本音をぶつけ合える仲3
とはいえ、ここで「やっぱなし」とやめるわけにもいかないし、言っても後の祭りだ。
「知らなかったのか、ごめん。実は……前当主の人が亡くなって今の当主になった時に、その人があの研究所の実験のことを知って止めに来たんだ」
自分も隠していた側だったことを謝罪するのと同時に、要約ではあるものの真実を口にした。
少し焦ってしまったせいか早口になってしまったが、それが何を意味するのか、明日香にはちゃんと伝わったらしい。
電話の向こうから言葉は聞こえなかったものの、彼女が声にならない吐息を漏らしたのが分かったのだ。
ただ、更に踏み込んだ話をすれば、研究所の解体と解散の前後で、杏奈がどんなことに巻き込まれていたかも話す必要が出てくる。あまり教えたくないし、彼女たちを巻き込みたくないという思いから、これ以上の詳しい話をするのはやめておこうと決める。
「その頃から何かと縁があるんだけど、楠本が弟だって聞いたのは当主の人からだよ」
「そっか、そうだったんだ……。あれが絡んじゃうと、そうそう人に言えないわね」
杏奈が伝えた一連の情報は、もしかしたら明日香にとってショックの大きなものだったのかもしれない。
先ほどまで達哉の噂話を口にしていたときとは違い、その声が沈んでしまっていた。
「そうなんだ……。悪いけど、今のは秘密で頼むよ」
「おっけー、そうする!」
そして今度の返事は少し無理をして声を明るくしているような雰囲気で、その声を聞いて居た堪れなくなってきた。杏奈はこの話はこれで終わりにしておこうと思った。
そういえば今の話題も脱線し続けてこうなったんだったな、ということを思い出す。テストの順位で高めを狙おうとしていたのは何故か。そんな話をしていたはずだ。

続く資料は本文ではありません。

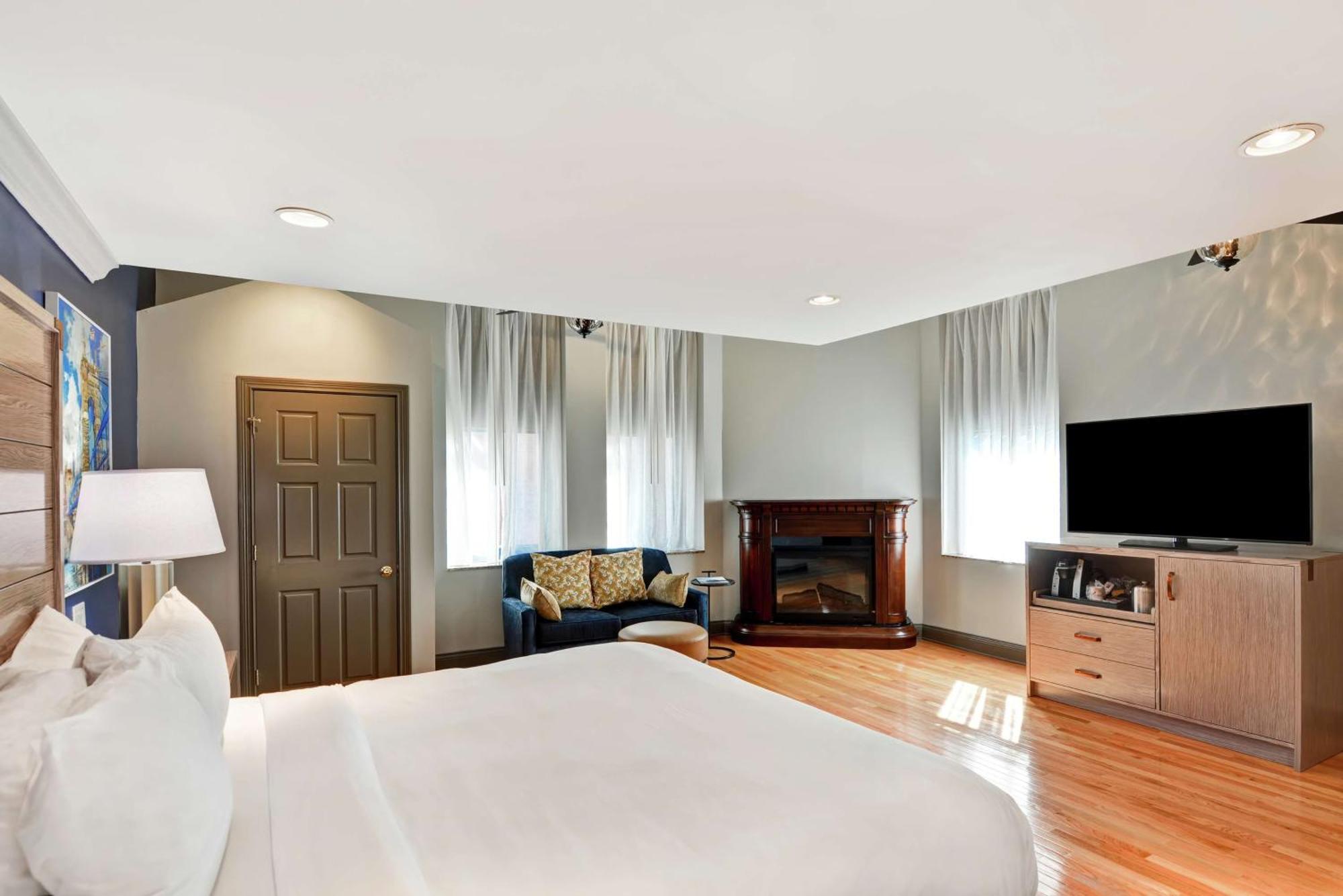 The Cincinnatian Curio Collection By Hilton מראה חיצוני תמונה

今の話は、そこに繋がっているような繋がっていないような微妙な話題だった。
とはいえ、
「ありがと。まあでも、わたしが委員長で楠本が副委員長ってなるとさ、あいつにテストで勝てないのは仕方ないけど、それでも悪い点は取りたくないだろ? 委員長がそれじゃかっこ悪いというか、クラスの皆に示しがつかないというか」
元の話に戻すとしたらこの辺りがちょうど良いのだろう。
だから必然的に、達哉と張り合わなければいけない気持ちになってしまったのだと。
しかしそうは言ってみたものの、これは先ほど解決策が出ている。平均点くらい取れていれば、完璧じゃないクラス代表だと思われるかもしれないが、バカにされる程でもないはずだと杏奈も納得できたのだ。

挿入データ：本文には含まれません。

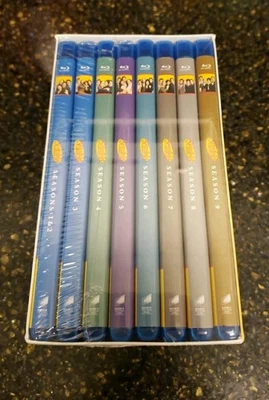 Seinfeld The Complete Series [Blu-ray] Blu-ray  NEW SEALED   FREE SHIPPING  - Image 1 of 3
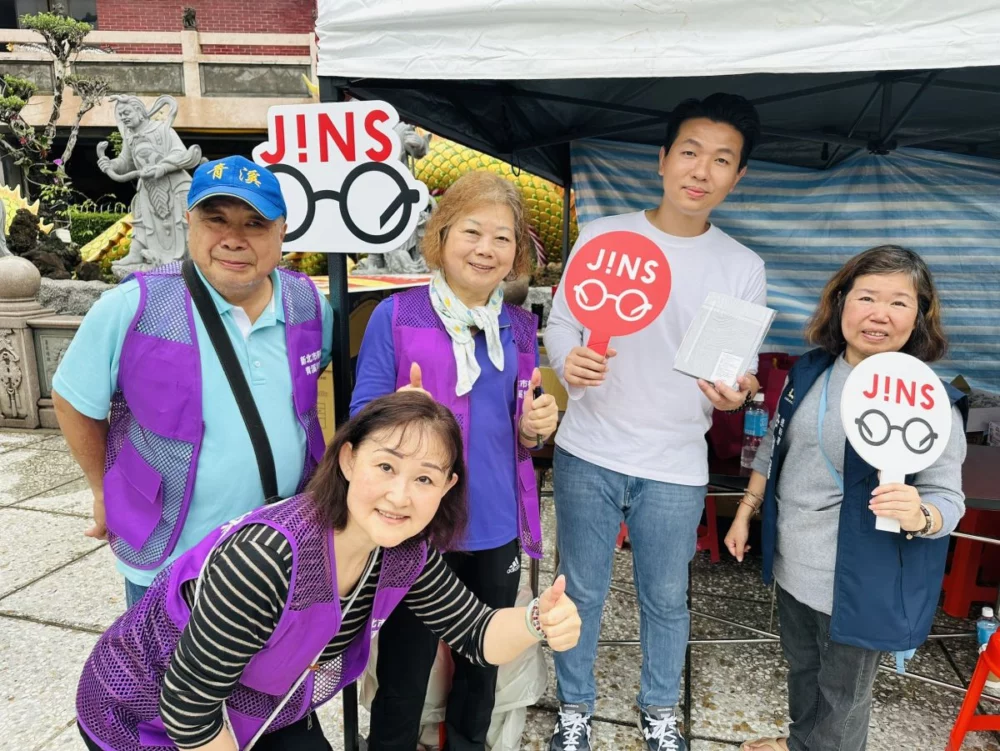 呂家愷號召捐血　挹注熱血凝聚社區愛心力量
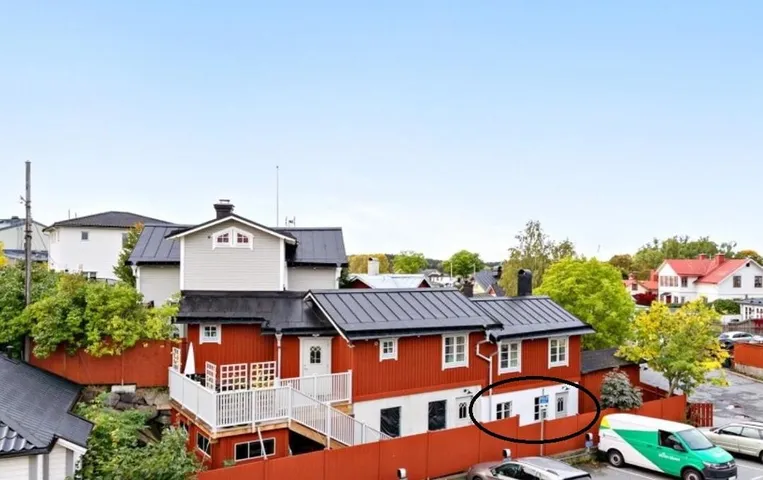 Ferienwohnung für 2 Personen, mit Terrasse und Garten - 1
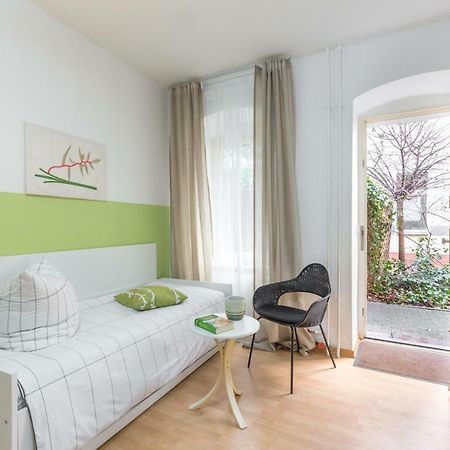 Schones 2-Zimmer-Apartment In Kollwitzplatz-Nahe Berlin Exteriör bild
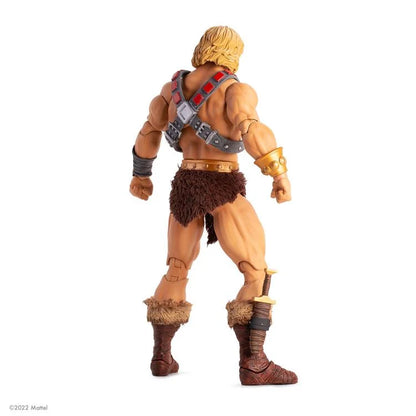 Masters of the Universe He-Man 1/6 Scale Action Figure (Ver. 2)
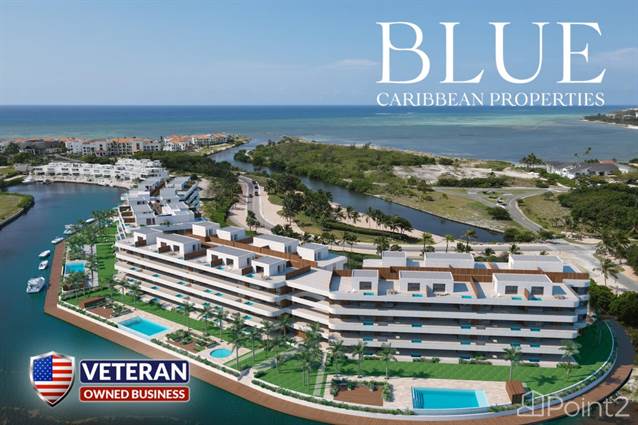 CAP CANA REAL ESTATE - MARVELOUS PROJECT OF LUXURY CONDOS AT CAP CANA - EXTERIOR - photo 4 of 12
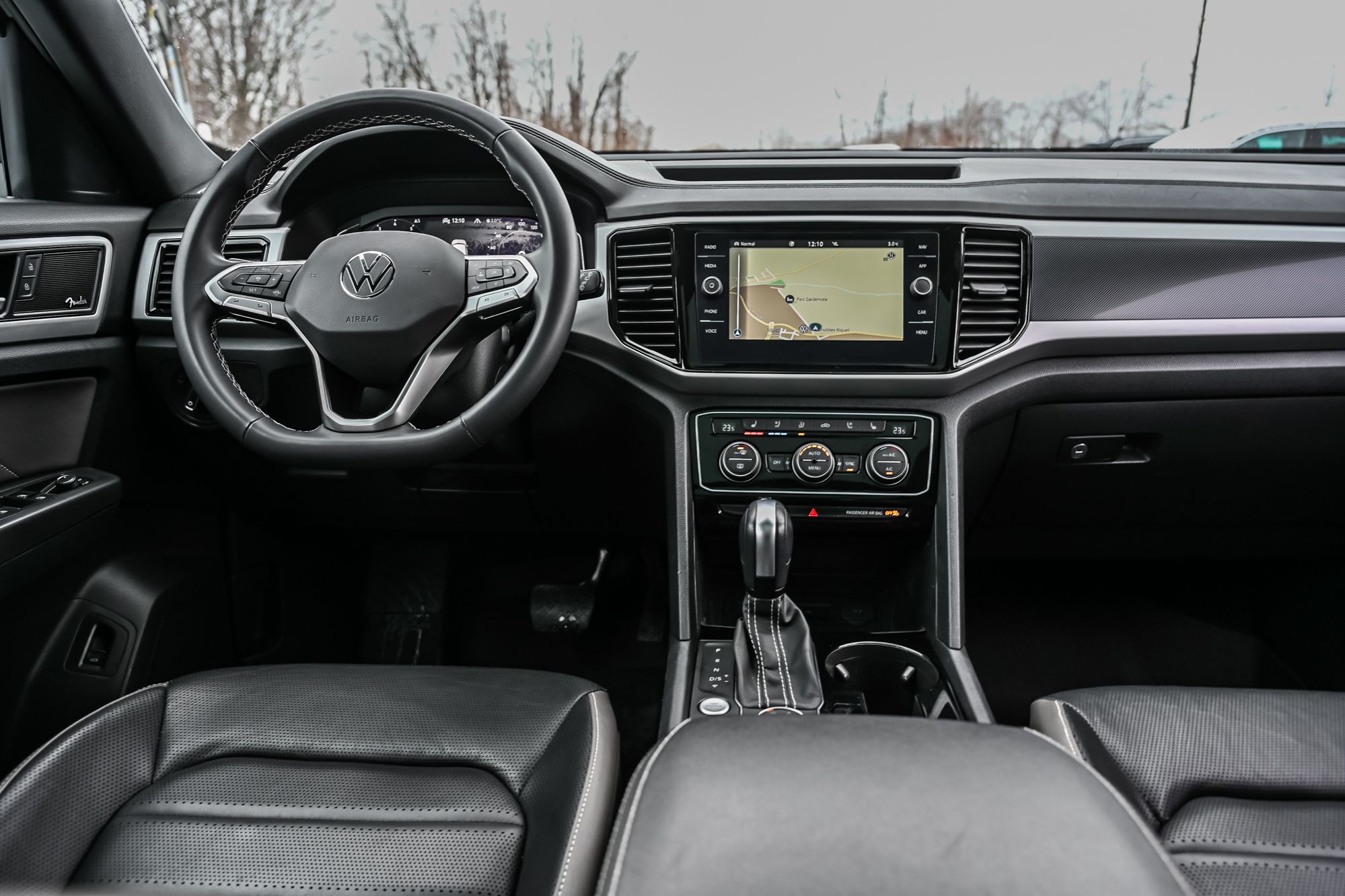 Volkswagen Atlas Cross Sport  2022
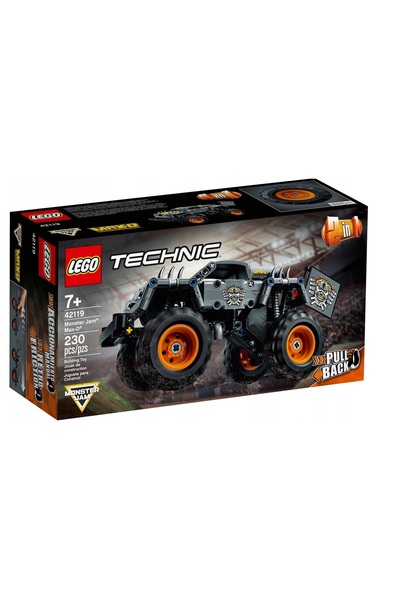 Other Lego Technic Monster Jam Max-D 42119 Monster Truck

不満があれば、二学期に誰かが立候補してくれるだろうとも。
「そうねぇ。確かに気持ちは分かるけど、真面目に考えすぎじゃない?」
納得はしていたのだが、明日香から意外な言葉が飛んできて、思わず杏奈は首を傾げてしまった。
「真面目に? そうかな?」
「杏奈ってさっぱりした性格なのに真面目なのよ。真面目じゃないのって勉強してないことくらいじゃないかなって、あたしずっと思ってたもん」
しかも、もし側で第三者が聞いていたら「如月杏奈という少女はとても真面目な性格らしい」と勘違いされてしまうような、そんな評価だ。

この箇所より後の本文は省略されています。